Gli faceva bene, invece, curarsi delle persone a cui teneva: tante le domeniche sera nella sala da pranzo più piccola, quella da venti persone al massimo, in cui riuniva una stretta cerchia di suoi protegé politici e i direttori dei suoi tg. Non era una corte dei miracoli era una tavola aperta dove ognuno diceva la sua. E dove lui ascoltava. Se parlavi, inarcava il busto e ti guardava senza distrarsi un solo secondo, pure se dicevi cose che sapeva già. Una sera mi son trovato fianco a fianco in una sala nel seminterrato adibita a cinema, dove vedere le partite del Milan dava quasi l’idea di essere in curva. Ero da solo con lui. Non avevo mai visto una partita in vita mia e, quando alla fine del primo tempo in un Torino-Milan di settembre, le porte si invertirono e il Milan subì l’ennesimo gol dall’avversario, mi scappò una sorta di squittìo. Comprese la mia ignoranza in materia, non me lo fece pesare, e mi mandò a ripetizione a San Siro qualche domenica dopo. Quella sera coi supplementari se la cavò il Milan e io fui visto come un portafortuna. La volta dopo, contro il Parma, non andò altrettanto bene ma lui non venne in tribuna: la decadenza da senatore era vicina, la condanna ai servizi sociali pure, di uscire non aveva voglia. Ma mai una volta che lo abbia sentito parlar male degli avversari o di chi lo aveva in qualche modo messo in quella circostanza.

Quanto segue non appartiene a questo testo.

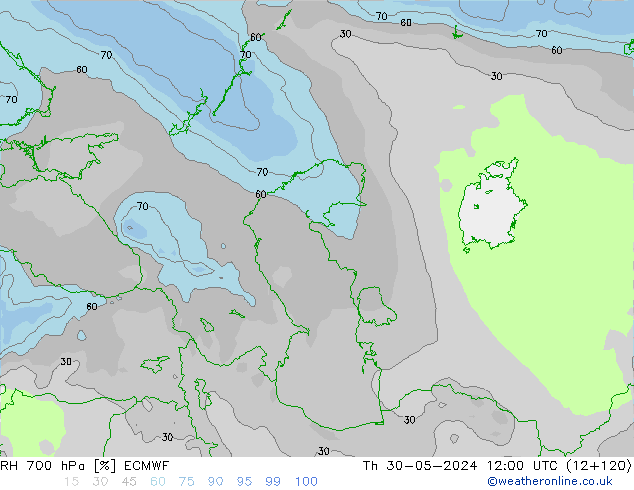 700 hPa Nispi Nem ECMWF Per 30.05.2024 12 UTC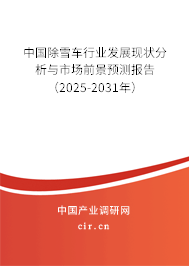 中國除雪車行業(yè)發(fā)展現(xiàn)狀分析與市場前景預(yù)測報告（2025-2031年）
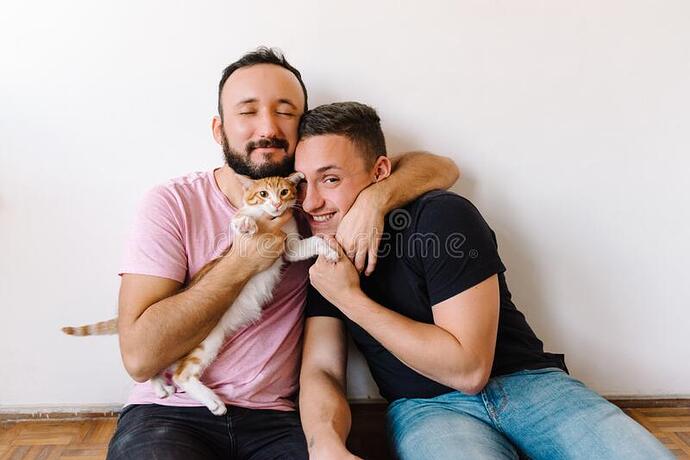 stock-photo-two-caucasian-homosexual-men-sitting-down-playing-their-orange-white-tabby-cat-gay-couple-playing-188743326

Roma interno giorno. A Palazzo Grazioli stavamo aspettando il verdetto: Berlusconi non era più senatore. Un fuggi fuggi nelle due ore successive, imbarazzante. Volevamo organizzare una sorta di fiaccolata silenziosa davanti al Colle, eravamo in tre. In tre rimanemmo. Dei suoi traditori sapeva benissimo nomi e cognomi.
Mai una parolaccia spesa in loro disprezzo.
Un dispetto, una volta, di cui fui inconsapevolmente complice: mi chiamò per un tè di lunedì pomeriggio. Ovviamente mi precipitai. Lui che era sempre di fretta, quel giorno era in vena di raccontare barzellette. Molte non facevano ridere. Lo fece per due ore. Scoprìi solo dopo che il tutto era stato in qualche modo orchestrato per far fare anticamera ad Angelino Alfano, che detestava le lunghe attese. Quella sera si vedevano per dirsi addio: il venerdì successivo nasceva il Nuovo Centro Destra, e con esso un tot di fedelissimi mollavano la presa. Cosa disse? Niente. Una profonda delusione gli si leggeva in faccia, ma era da tempo che se lo aspettava.
Il regalo più grande, segno di una umanità che pochi si possono permettere, la telefonata a mio papà nel giorno del suo cinquantanovesimo compleanno. Mio padre era stato assessore di Forza Italia e, come lui, nasceva craxiano. Non si erano però mai incontrati: “Mi raccomando, Mauro, festeggi alla grande, ma non vada a puttane. Non oggi, quantomeno”.